> **Exercise goal**: Everything from the line with "33600-mc9-830 Honda 1985" to the line with "Sringeri recount case" in the listing below, both lines included, needs to be copied exactly, apart from the pictures.

:: Task inputs ::

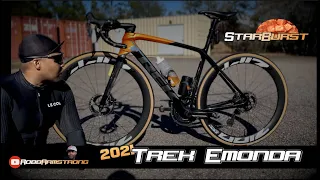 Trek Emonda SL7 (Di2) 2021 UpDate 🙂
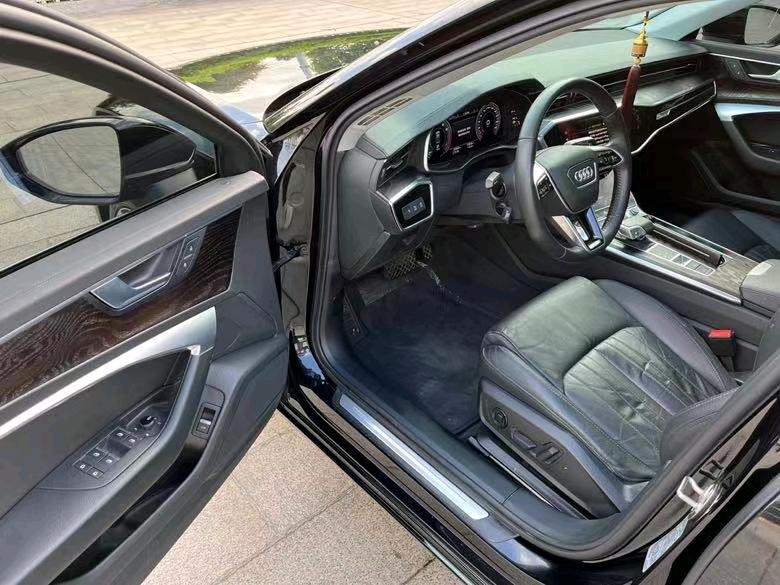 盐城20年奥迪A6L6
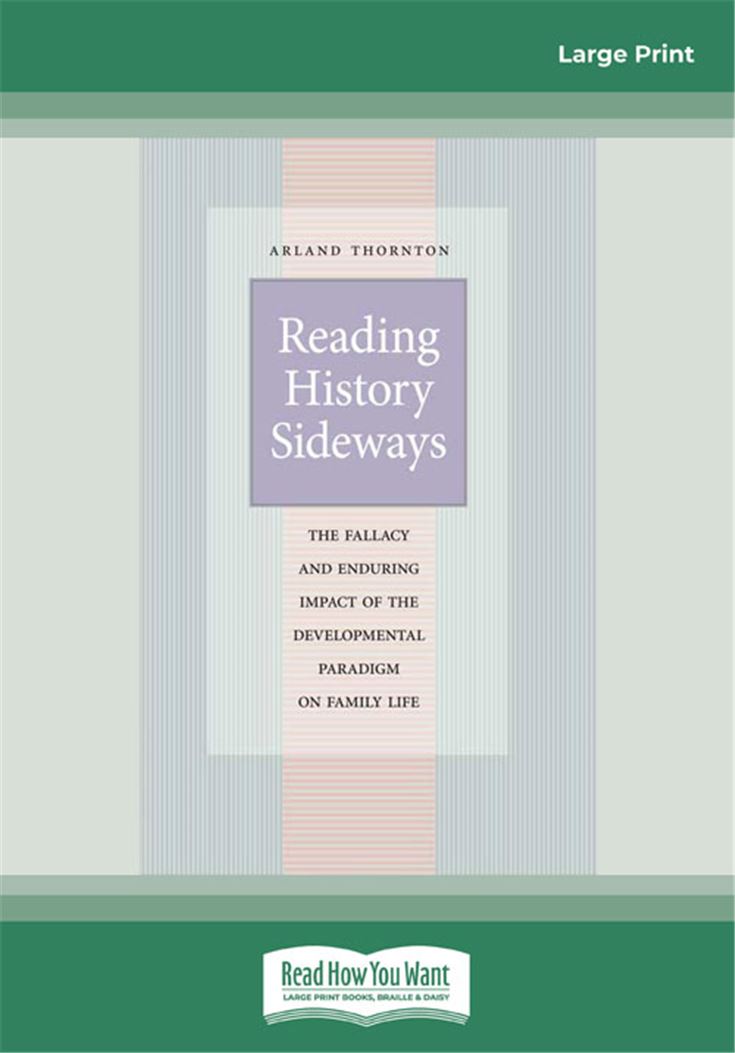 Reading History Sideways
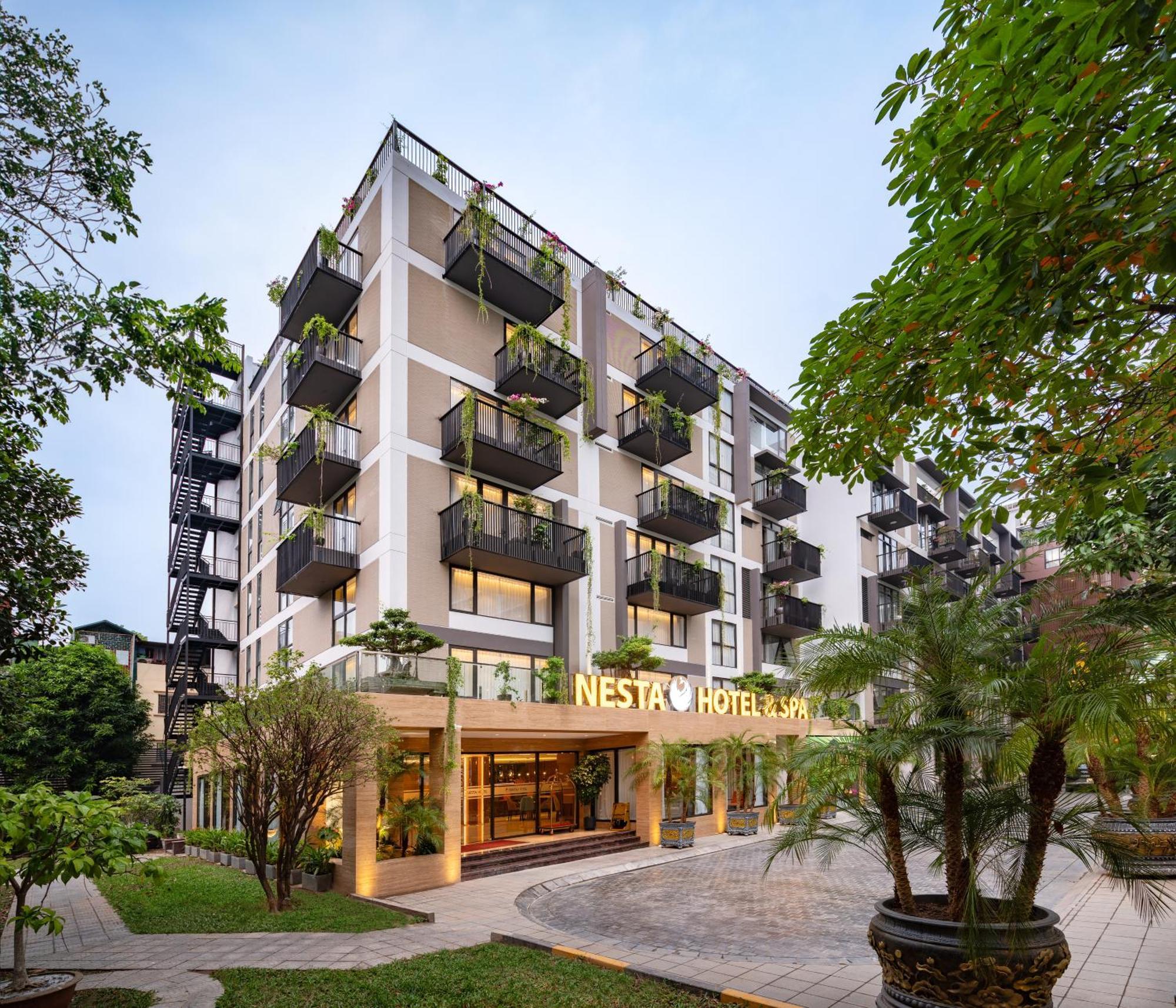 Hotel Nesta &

:::
:: Task inputs ::

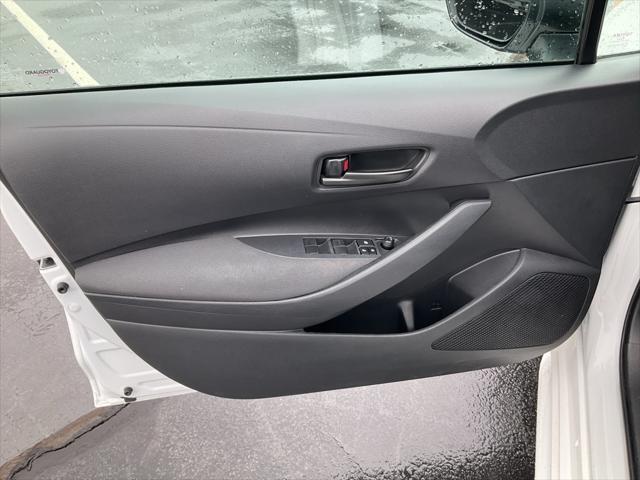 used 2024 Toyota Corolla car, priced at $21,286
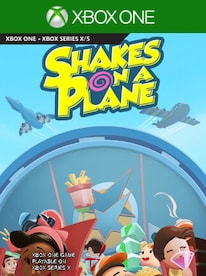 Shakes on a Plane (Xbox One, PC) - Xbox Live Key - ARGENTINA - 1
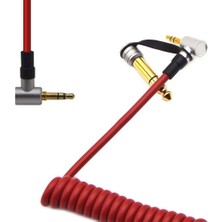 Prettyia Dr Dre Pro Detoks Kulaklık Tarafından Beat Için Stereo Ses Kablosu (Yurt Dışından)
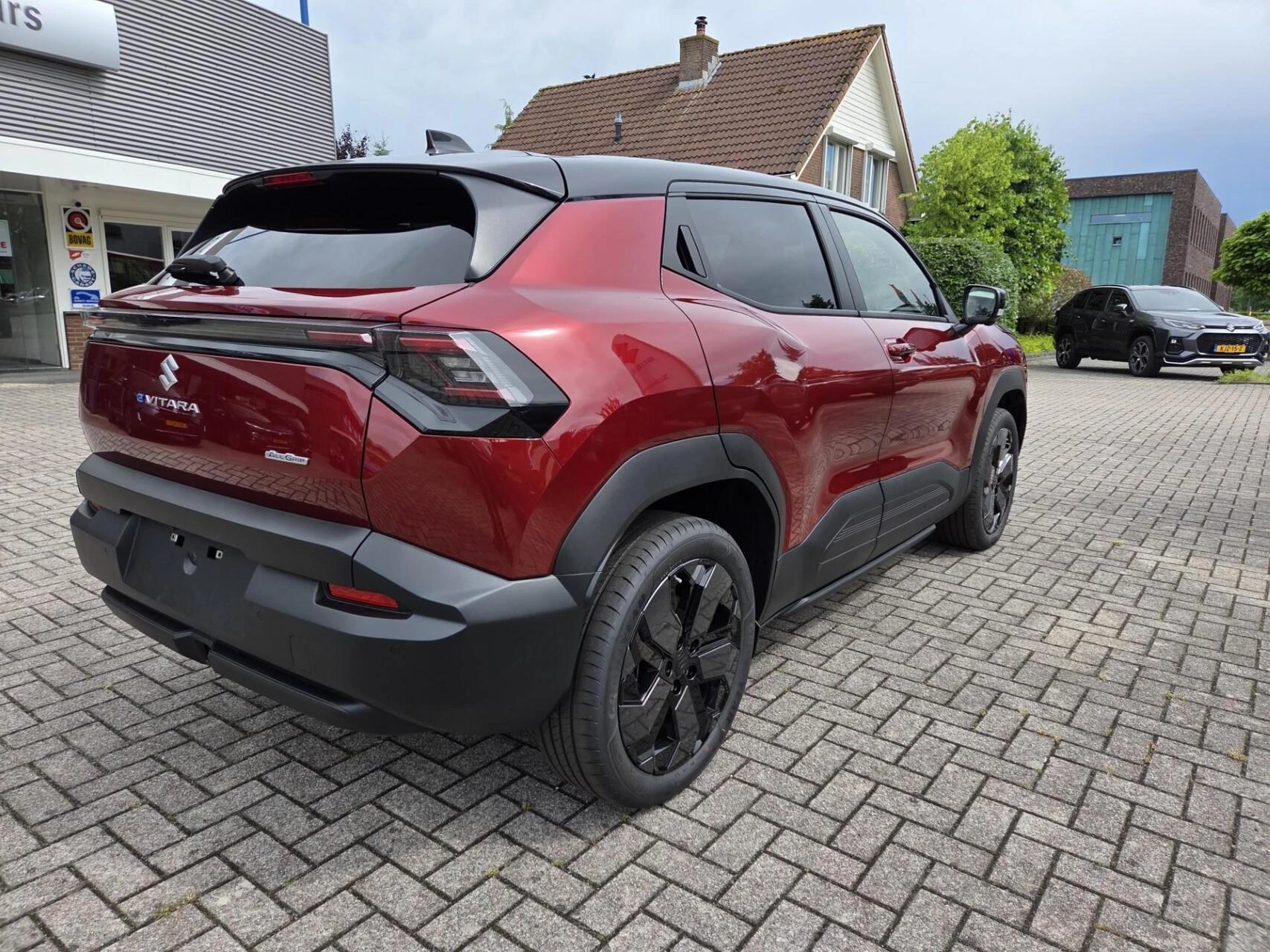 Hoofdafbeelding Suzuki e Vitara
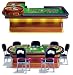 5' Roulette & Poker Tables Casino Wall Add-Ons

:::
:: Task inputs ::

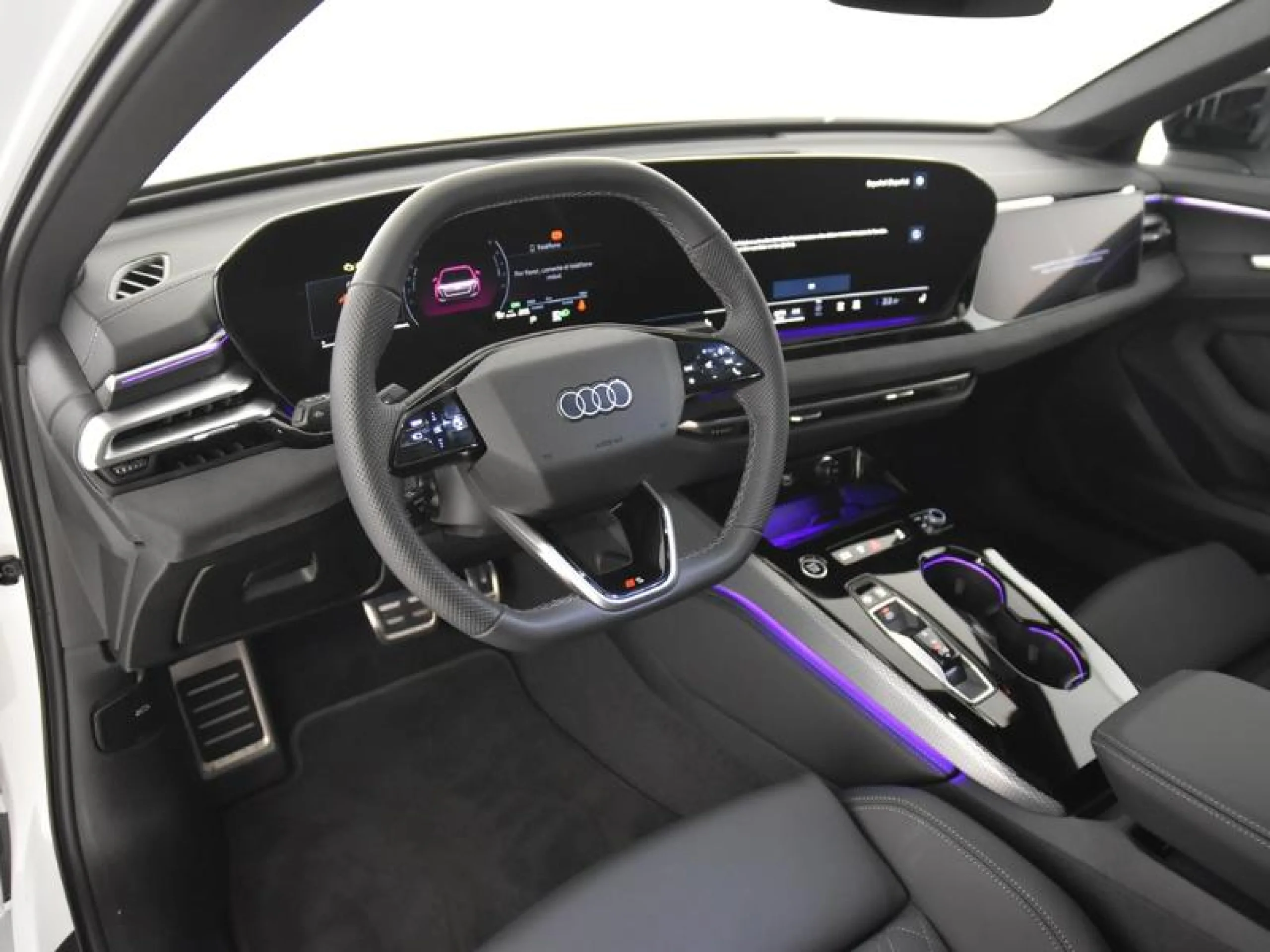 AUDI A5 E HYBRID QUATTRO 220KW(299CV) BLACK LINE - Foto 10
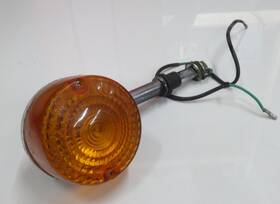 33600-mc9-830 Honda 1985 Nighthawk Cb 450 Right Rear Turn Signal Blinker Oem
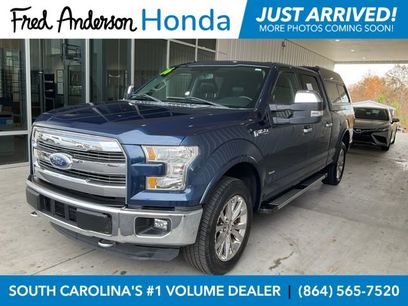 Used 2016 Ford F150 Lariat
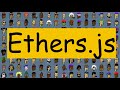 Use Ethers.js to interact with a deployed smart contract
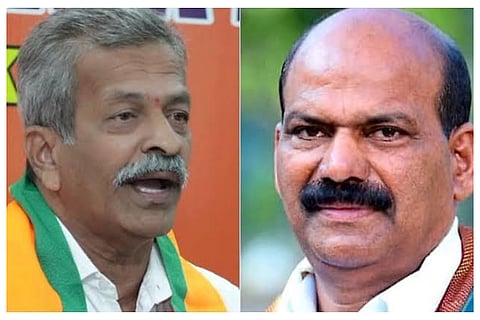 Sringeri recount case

:::

> **Task response**:
 33600-mc9-830 Honda 1985 Nighthawk Cb 450 Right Rear Turn Signal Blinker Oem
 Used 2016 Ford F150 Lariat
 Use Ethers.js to interact with a deployed smart contract
 Sringeri recount case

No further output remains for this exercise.